Há a Contribuição de Sustentabilidade, que está identificada. Houve também, na política de rendimentos a preocupação de identificar o Complemento Solidário para Idosos. Há o compromisso de contenção da despesa, é o que se pode assumir sem saber muito bem qual vai ser o crescimento. Temos de ser prudentes e assumir um compromisso que se possa cumprir mesmo com crescimento muito baixo.
Mas há o compromisso de baixar o IVA da restauração para 13%.
Sim, está identificado. É coerente com a nossa estratégia orçamental.
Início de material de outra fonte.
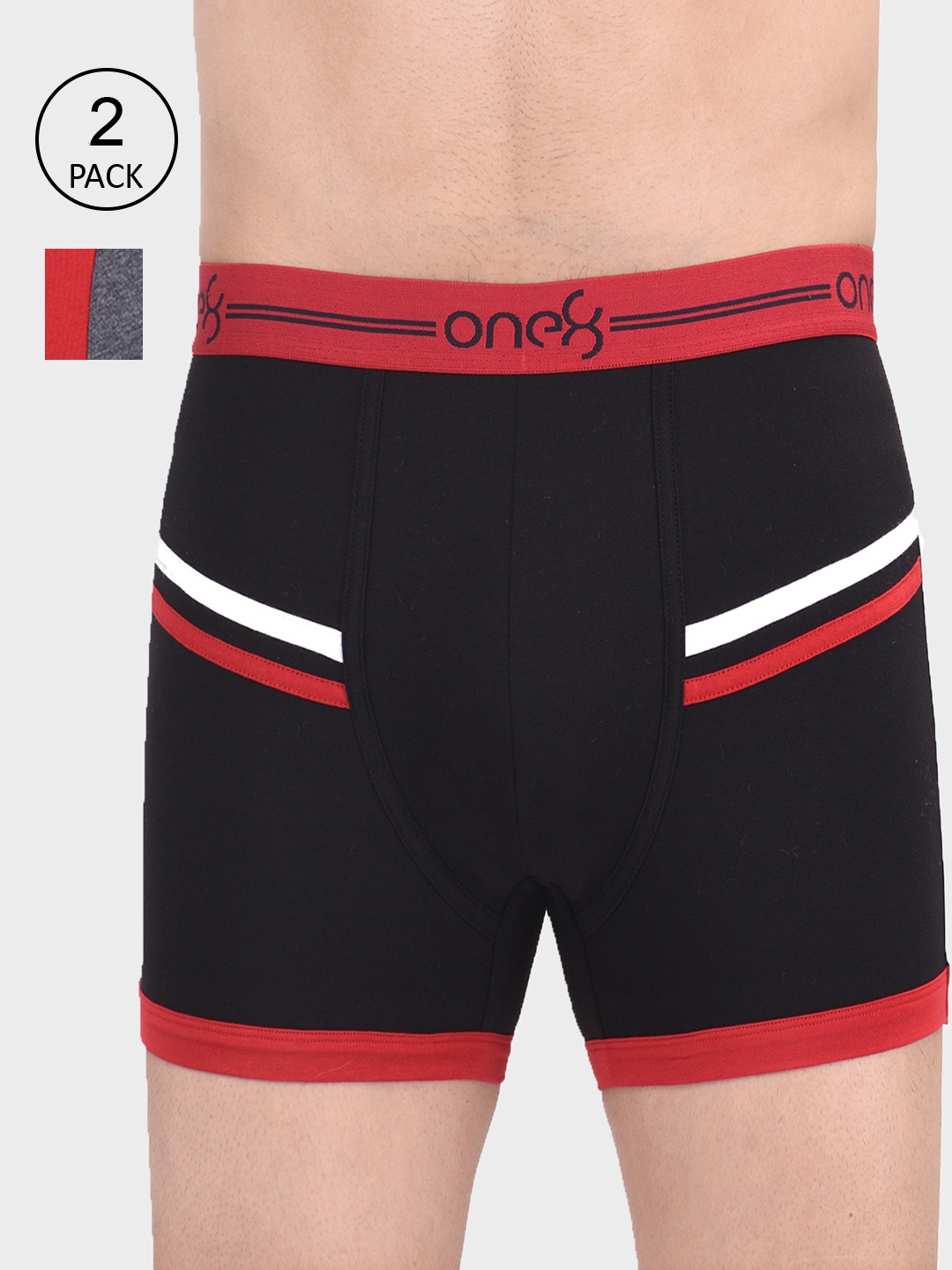 

one8 by Virat Kohli Men Pack Of 2 Red & Grey Solid Trunks 903-904-PO2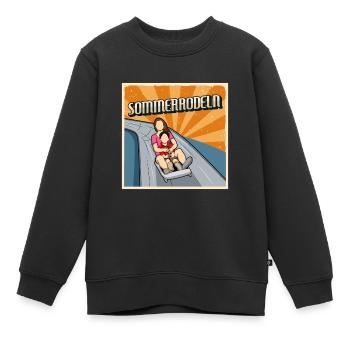 Toboggan d’été Piste de luge d’été - Sweat Premium enfant bio - noir - Devant - AI Model Kid Female (0cm)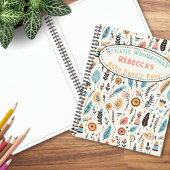 Whimsical Boho Bloemen Kind Naam Schets Notitieboek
É uma medida importante para a competitividade do turismo. A restauração é toda produzida em Portugal.
A medida de compensação orçamental está identificada?
Não está identificada nem tem de estar. Não é por essa via que se vai fazer. Havendo mais crescimento haverá mais espaço para acomodar essa medida, havendo menos crescimento haverá menos espaço mas terá de ser acomodada com contenção da despesa, melhorias de eficiência e várias outras medidas que componham todo o quadro. O quadro será sempre de não aumento da carga fiscal - como isso desagrava a carga fiscal dará espaço para dentro do compromisso haja outras receitas possíveis de obter. A maior fonte de receita que temos de apostar, embora não possamos contar, é o crescimento económico.
A DIREITA FICA ATORDOADA COM TANTA CERTEZA E TANTA TRANSPARÊNCIA.